Post by ScotKaren on Jun 21, 2006 7:02:08 GMT -5
www.e-ccip.org/
The Center for Children of Incarcerated Parents [CCIP] was founded in1989 by Denise Johnston and Katherine Gabel. Our mission is the prevention of intergenerational crime and incarceration. Our goals are the production of high quality documentation on and the development of model services for children of criminal offenders and their families.
PERSPECTIVE AND APPROACH
CCIP was based at Pacific Oaks College from 1989 until 1998. The Pacific Oaks emphasis on developmental perspective had a profound effect on CCIP philosophy, service design and practice. The developmental concepts, approach, principles of practice and interventions utilized by CCIP are outlined in the forthcoming handbook, "Working with Criminal Offenders and Their Children".
ACTIVITIES
CCIP developed its research, publications and services in four components:
Education
The Center began developing educational projects and materials for clients in 1990 when we created the Prison Parents' Education Project [PPEP] for women being sent to the new California state prison at Chowchilla. Since then, CCIP has conducted dozens of educational projects and produced 14 curricula. Our curriculum manuals are sold through the CCIP Clearinghouse; topics include:
parent education for prisoners;
parent empowerment;
parent education for substance-dependent parents in treatment;
parent education for elementary school children;
family life education;
health education for incarcerated mothers;
women's issues;
the effects of trauma and violence on children;
mentor training; and
parent advocacy for prisoners.
CCIP offers our education projects in three formats. Correspondence courses are available to prisoners nationwide. Courses taught by CCIP staff are offered regionally. We also train instructors to teach CCIP curricula; this service is offered nationally. In 12 years of operations, CCIP has provided education services to more than 4000 clients.
Family Reunification
The first CCIP client service was the Child Custody Advocacy Services [CHICAS] Project, which provides assistance to prisoners and other criminal offenders with child custody, child placement or related issues. CHICAS is a national project serving incarcerated parents throughout the United States.
Our Family Reunification services also include the MotherRight and FatherRight Projects, which are designed to foster healthy parenting by promoting healthy sexuality, healthy reproduction and healthy relationships among clients and their families. These projects are offered to parents in prison or on parole in various community settings.
The MIRACLE Project offers multiple services to pregnant women in Los Angeles County Jails. MIRACLE includes the only Early Head Start program in the U.S. to offer services in a jail setting.
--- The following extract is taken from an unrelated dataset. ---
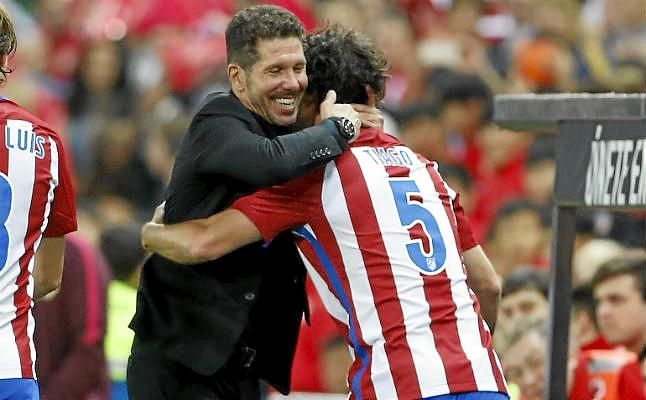 Simeone: "Tendremos un duro partido con el Sevillla"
Other CCIP projects have provided parent mentoring, family support services, child and caregiver support groups, referrals and placements for families that are failing to supervise their children, and entrepreneurial training for children of prisoners. More than 40 projects have been offered in this component and approximately 4500 clients have received CCIP Family Reunification services since 1989.
Therapeutic Services
This component includes only three projects:
The Early Therapeutic Intervention Project [ETIP] was developed in 1990, providing free-standing therapeutic services to young children of criminal offenders. ETIP was discontinued in 1992.
The Therapeutic Intervention Project [TIP] offers site-based therapeutic services to children of criminal offenders. Conducted in public schools or similar community sites since 1991, TIP provides comprehensive services to families of criminal offenders, including:
Children's services: group and individual therapy; developmental skills-building activities; mentoring; and/or social-recreational activities.
Services to children's caregivers: parent advocacy meetings; parent/caregiver support groups; parent education; and/or case management.
Services to teachers or other site staff: training and/or support groups.
The Attachments Project was developed in 1995. Attachments serves women offenders living with their children in residential treatment settings. It provides individual and group therapy, support groups and developmental interventions for mothers; attachment-building and other developmental interventions for children; and staff training on attachment and other developmental issues.
More than 1500 index children and over 6000 of their family members have received therapeutic services from the Center since 1991.
Information
This component includes the CCIP Clearinghouse, training and technical assistance activities, research and advocacy efforts.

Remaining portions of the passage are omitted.